Powell later made the rounds to expand on their theory and she made no bones about what they hope to do:
You'll notice that she just blithely uses the term "overturn," as if that were perfectly normal.
If that doesn't work, the "strike force" are also talking about a Plan C, which would be to delay the vote certification for so long that the states can't send Biden's required 270 electors to Congress by the deadline, which under the 12th Amendment to the Constitution would throw the election to the House, where every state's delegation gets one vote. As luck would have it Republicans hold 26 of the 50 delegations. Surprise!
Is any of this remotely possible? Sure. It's unlikely, but it's possible.
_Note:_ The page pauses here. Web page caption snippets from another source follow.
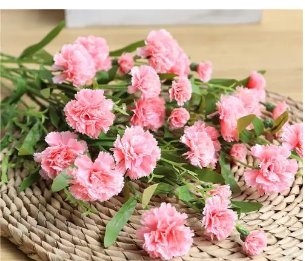 五月是什么花开呢?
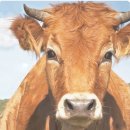 우두머리 이미지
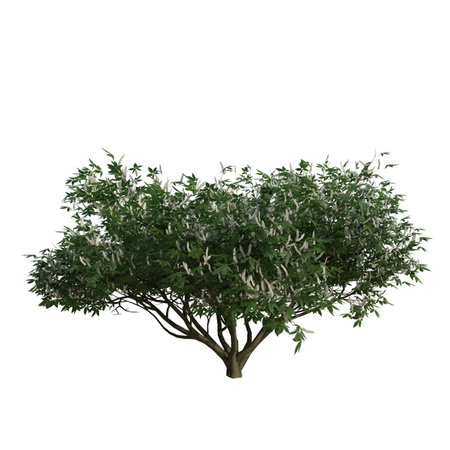 Tree isolated on white background 3D illustration, 3D rendering.の写真素材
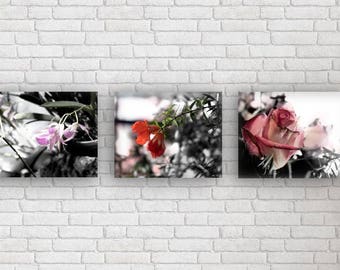 Orchid, Flower, Rose, Photography, Red, Orange, Pink, Purple, kitchen, Home Decor, Rose Flower, Still Life, Valentines, Pink Rose, Red Rose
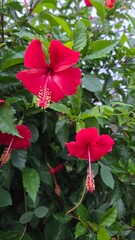 red and white flower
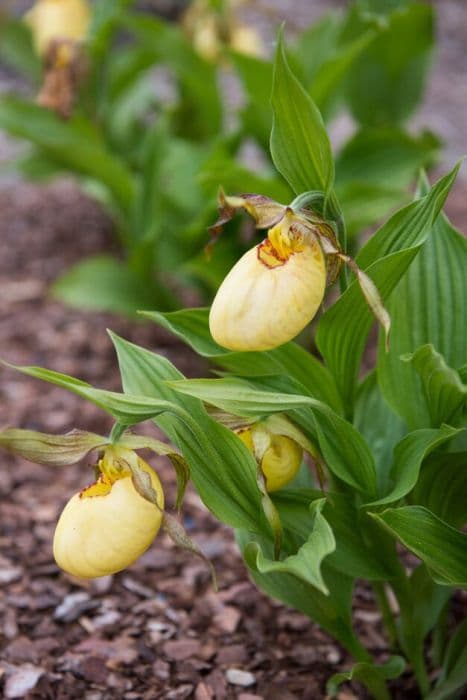 lady's slipper orchid Victoria gx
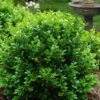 Little Missy Dwarf Boxwood - 7 Gallon Pot -Garden Plant Seeds buxus microphylla little missy dwarf boxwood 1 1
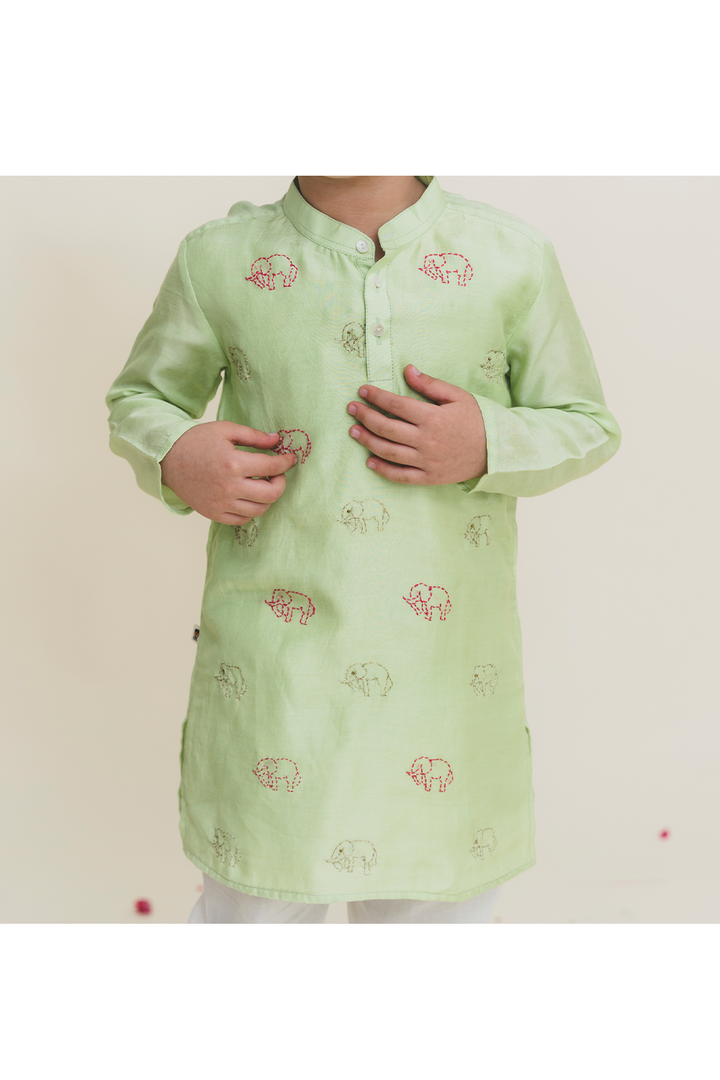 Elephant katha embroidered kurta pant set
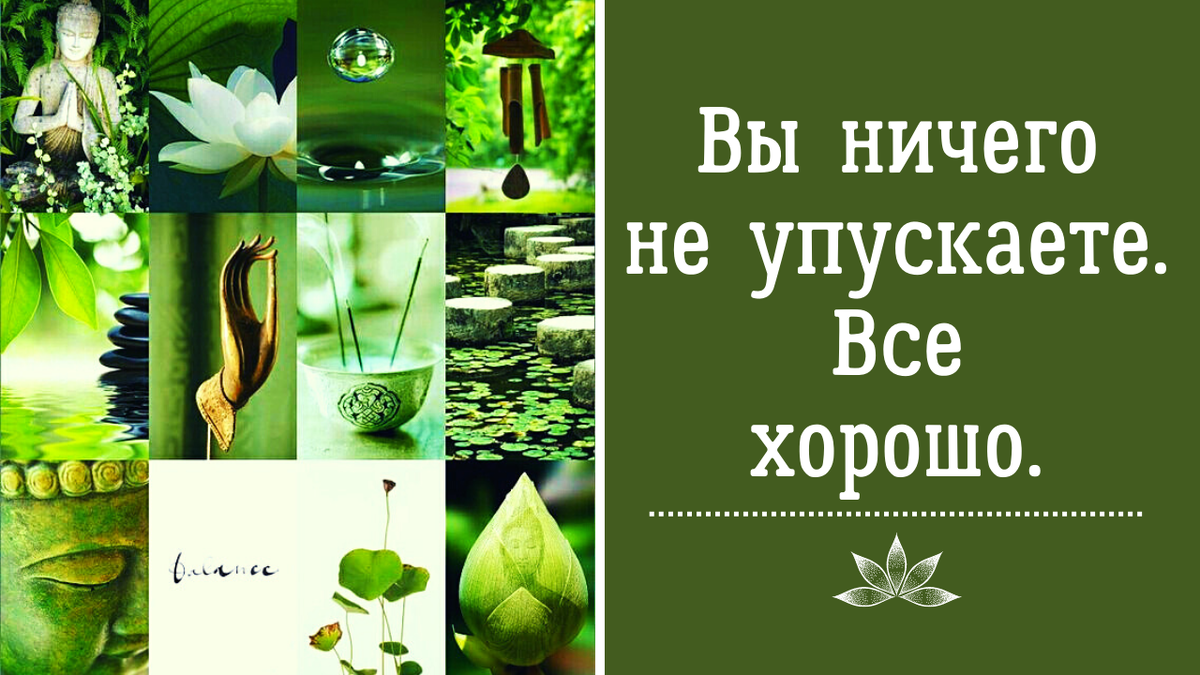 Вы ничего не упускаете. Все хорошо | Анна Клишина. Путешествия без границ |  Дзен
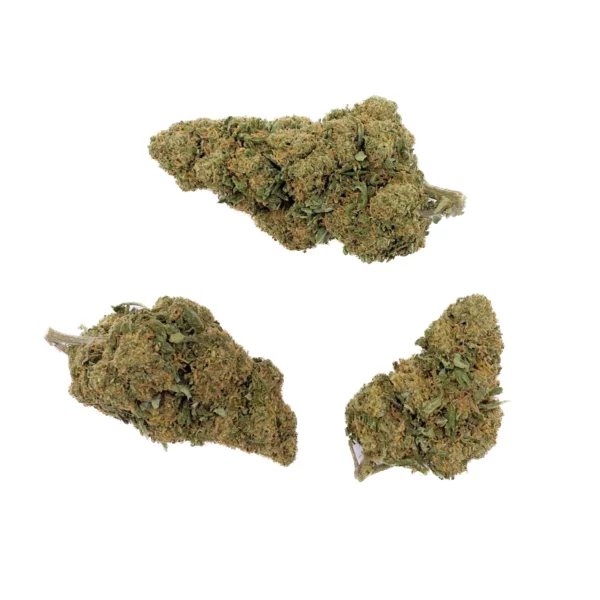 Grossiste - Jack Herer CBD - Glass-House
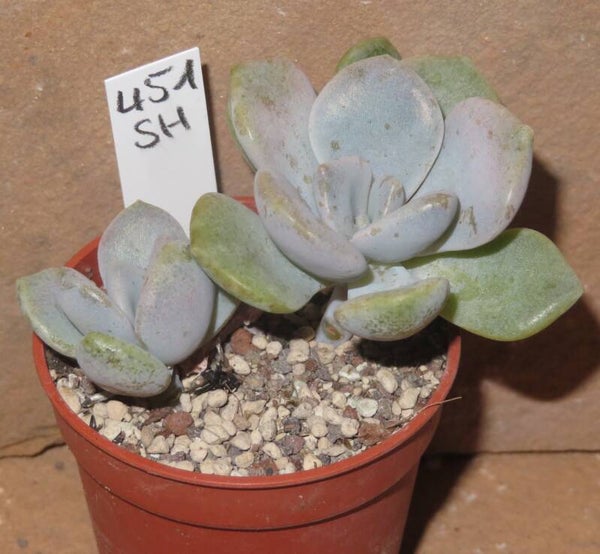 Echeveria cv Tiramisu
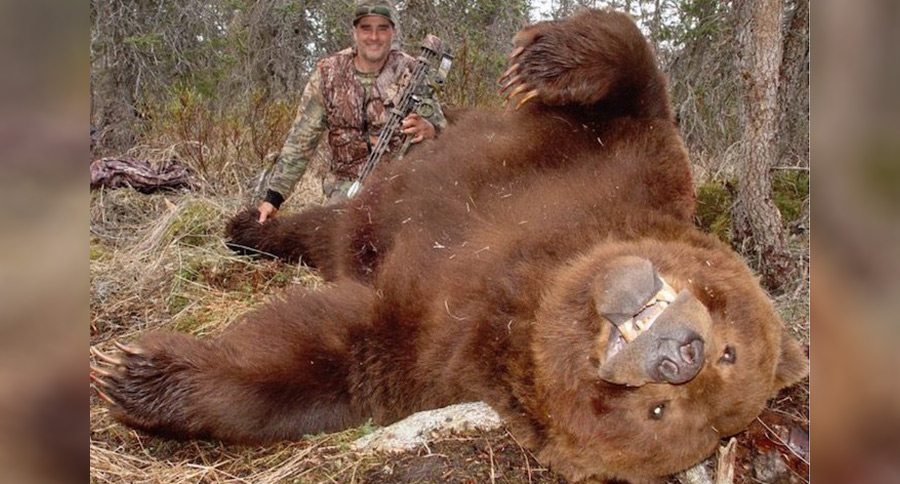 Awesome Places To Hunt Outside of Africa alaska
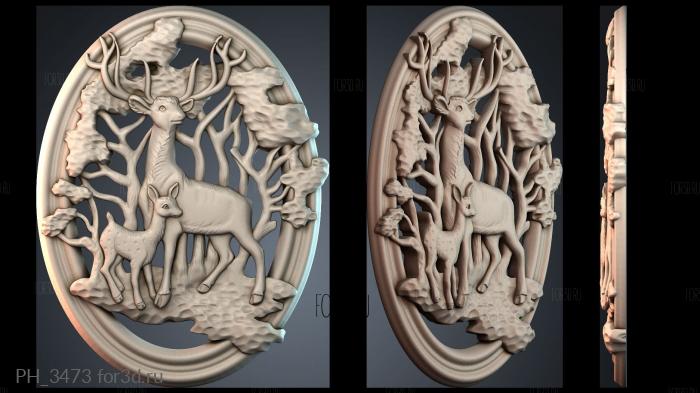 PH_3473 3d stl for CNC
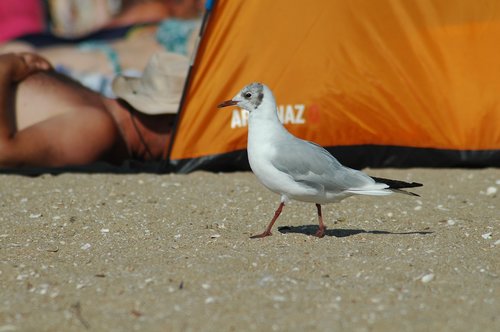 bird  beach  water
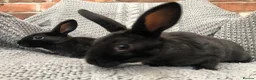 Rex rabbits for sale: Beautiful velvet mini Rex & Rex rabbits - Advert 11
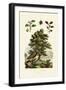 European Beech, 1833-39-null-Framed Giclee Print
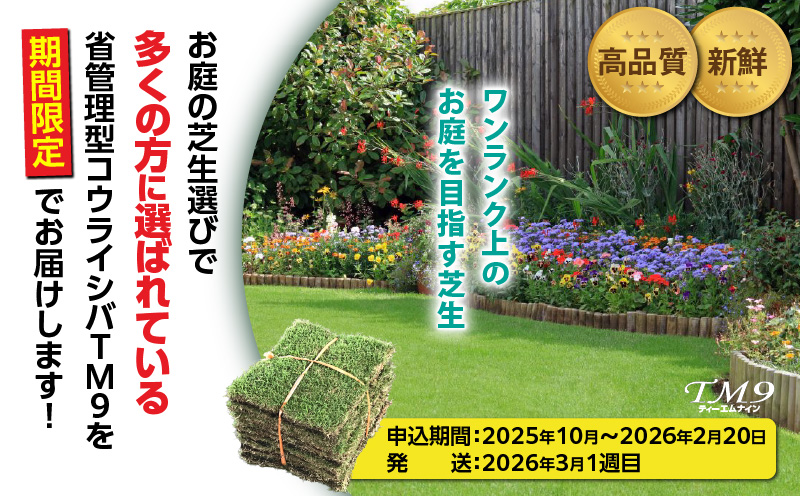 TM9（ティーエムナイン）省管理型コウライシバ トヨタ自動車(株)開発品種 50平米　KN080-007-05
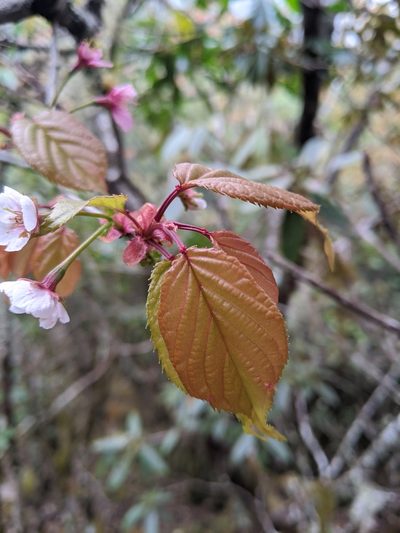Prunus transarisanensis, photographed by Cheng-Te Hsu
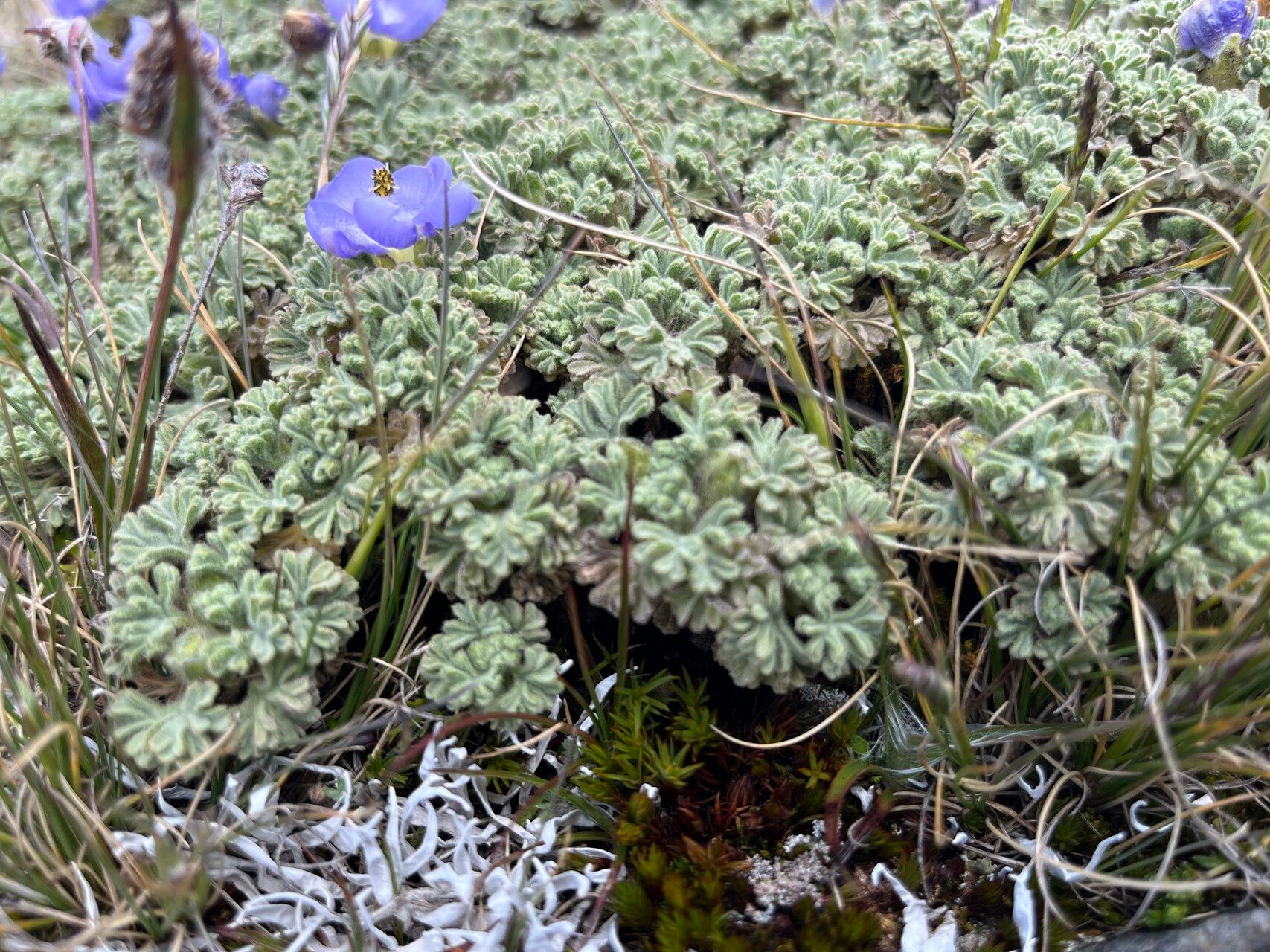 Nototriche obtusa — related species from the same genus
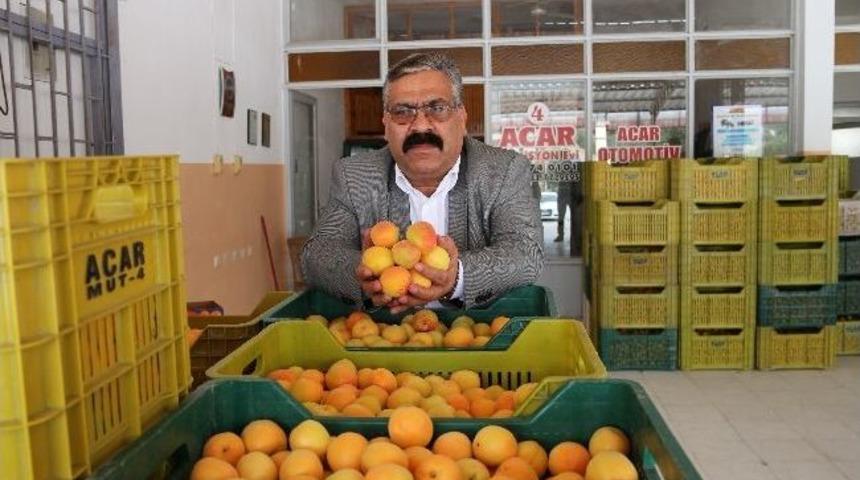 Mut&rsquo;ta Kayısı İhracatı Bu Yıl Y&uuml;zleri G&uuml;ld&uuml;r&uuml;yor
It's tempting to think this is all so nuts that it could never possibly happen, but we thought everything Donald Trump has done over the past five years was nuts, and here we are. All our hand-wringing about this plot being un-American and destructive to our democracy is sadly irrelevant — not just to the preposterous Giuliani and the equally preposterous Trump but to the entire Republican Party. They have learned the power of total shamelessness, and it is profound. I would never count them out.